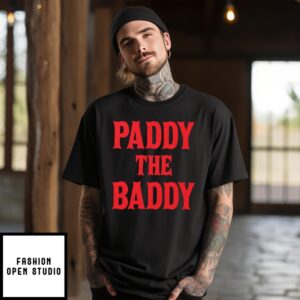 Paddy The Baddy T-Shirt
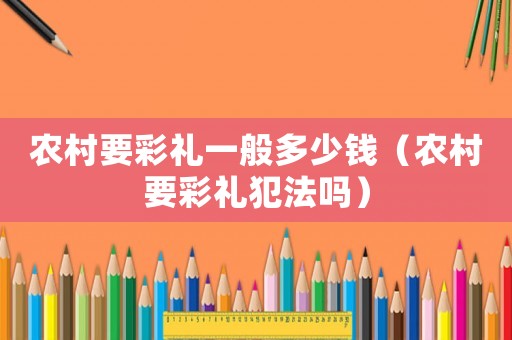 農村要彩禮一般多少錢（農村要彩禮犯法嗎）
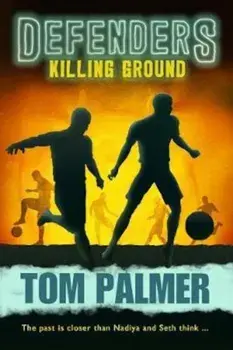 Killing Ground: Defenders, Paperback/Tom Palmer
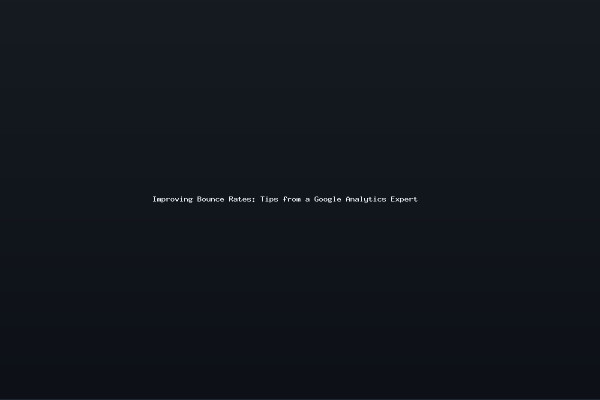 Improving Bounce Rates Tips from a Google Analytics Expert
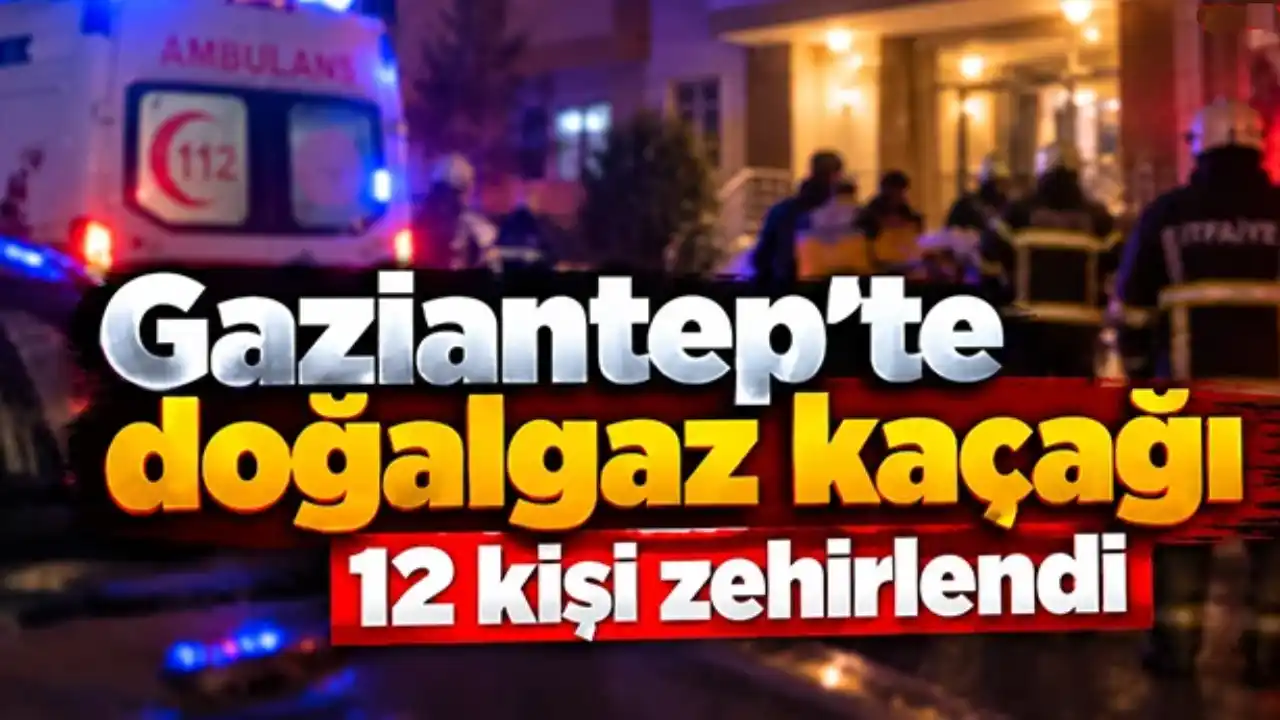 Gaziantep'te doğal gaz kaçağı: Aynı evde 12 kişi zehirlendi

—————

__Try it__. Going from the line that holds "Improving Bounce Rates" to the end of the listing above, copy each line exactly and nothing more, leaving pictures aside.

__Response to this exercise__.
 Improving Bounce Rates Tips from a Google Analytics Expert
 Gaziantep'te doğal gaz kaçağı: Aynı evde 12 kişi zehirlendi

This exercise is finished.